パンフレットの見本を置いていないところが惜しい。見本を置いたからといって、パンフレットの売り上げが落ちるとも思えないのだけれど、セコイという印象だけが残ってしまうと思うのだけれどどうだろう。
ネタバレありの感想は以下に。
幕の下りていない舞台上、3枚の紙(だと思われる)にスポットが当てられている。
一枚は「俤」、真ん中の一枚はまっさらで、最後の一枚は「儚」である。
この芝居の全編を通して、その文字の中に「弟」を持つ「俤」と、「夢」を持つ「儚」がキーワードのように何度も繰り返し出てくることになる。
もう一つのキーワードは「希望(きぼう、と読まれたり、のぞみ、と読まれたりする)」だったと思うのだけれど、どうだろう。
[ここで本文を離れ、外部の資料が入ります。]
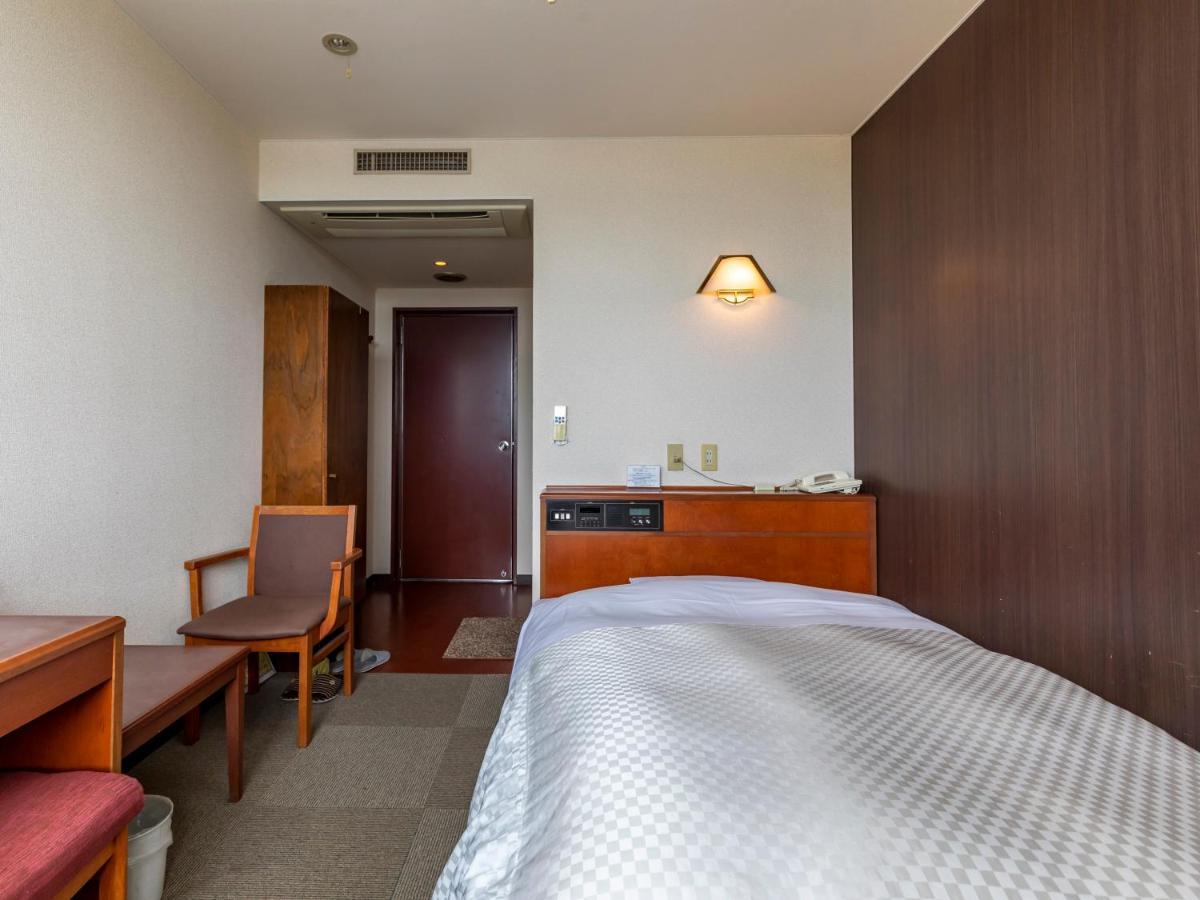 Tabist Hotel Kurama Хіконе Екстер'єр фото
いずれにしても、「姿」の中に「次の女」がいると説いたり、「魂胆」の中には鬼があるからそんなものは捨てろと言ってみたり、野田秀樹の言葉遊びは健在である。
一方で、この舞台では映像を割と多用していたことが印象に残った。
例えば、緩い八百屋にした舞台の床面に、水で文字を書き(水で濡らすと色が濃くなるようになっている)、それを上からのカメラで捉えて、舞台上に吊したくしゃくしゃの紙に投影する。くしゃくしゃの紙だし、舞台上は明るいからそれほどはっきりと見えるわけではないけれど、でも、大きく書かれた文字くらいは読める。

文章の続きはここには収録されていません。